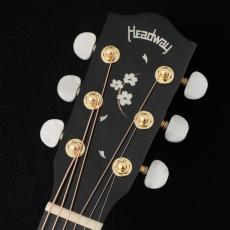 Headway 【秋のHeadwayフェア!】 HF-TSUKIMIYOZAKURA YZGR 【現物動画あり】【48回無金利】【限定特典付き!】_3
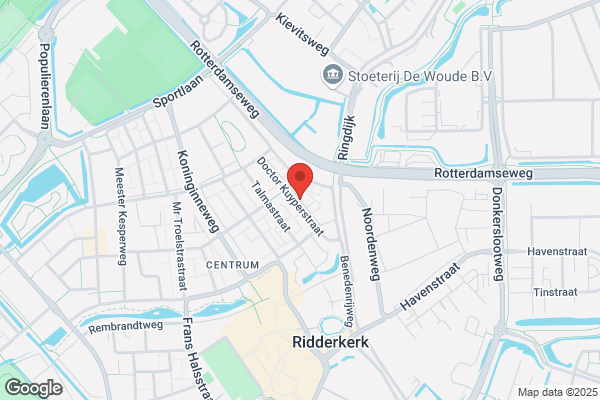 Rijschoolton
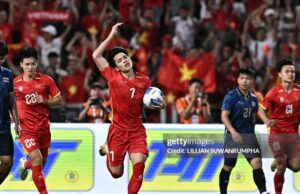 Không ngủ quên với HCV, U23 Việt Nam chạy đua sinh tồn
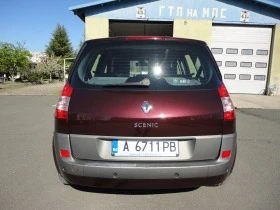 Renault Scenic 2.0I За хора с увреждания, снимка 2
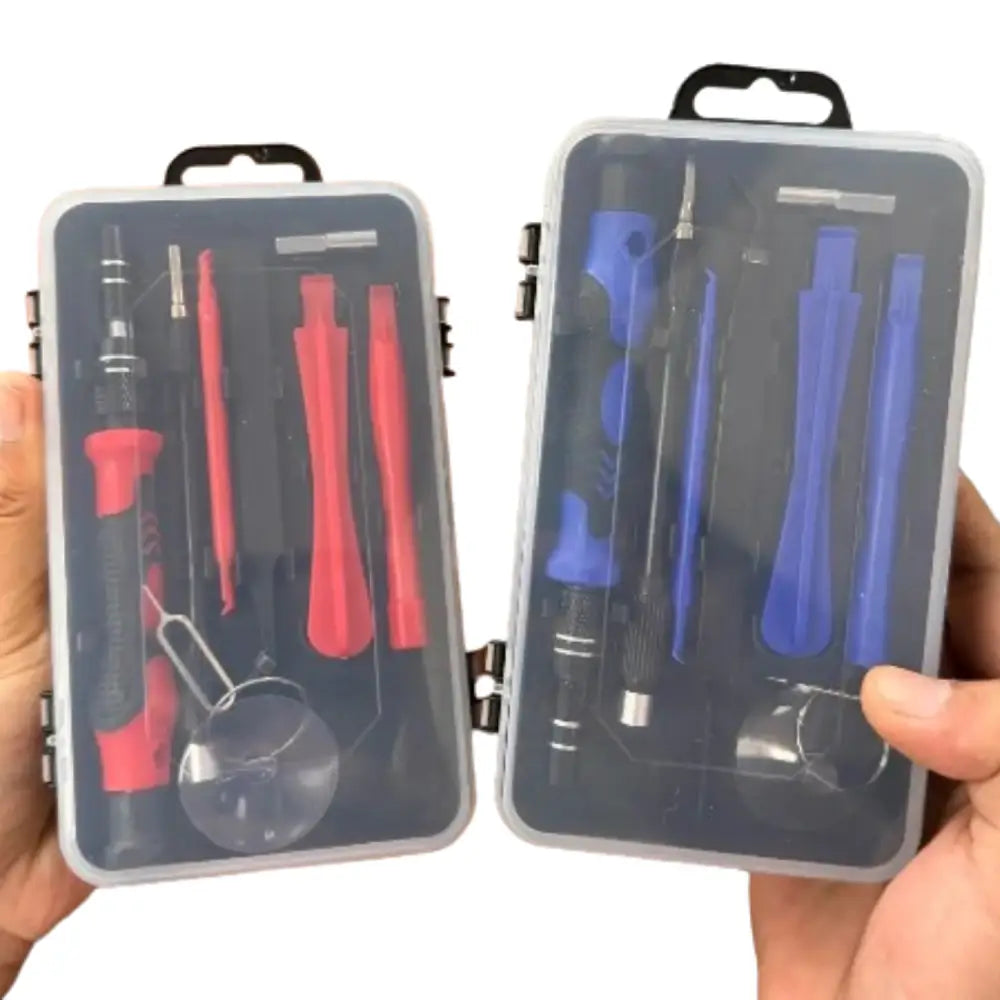 Precision Repair Tool Kit for Electronics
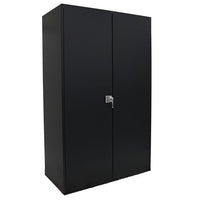 Thumbnail for Valley Craft Electronic Locking Cabinet, Deluxe - 48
★ ★ ★ ★ ★ ★ ★
With images left out, the data must be transcribed exactly.

 Headway 【秋のHeadwayフェア!】 HF-TSUKIMIYOZAKURA YZGR 【現物動画あり】【48回無金利】【限定特典付き!】_3
 Rijschoolton
 Không ngủ quên với HCV, U23 Việt Nam chạy đua sinh tồn
 Renault Scenic 2.0I За хора с увреждания, снимка 2
 Precision Repair Tool Kit for Electronics
 Thumbnail for Valley Craft Electronic Locking Cabinet, Deluxe - 48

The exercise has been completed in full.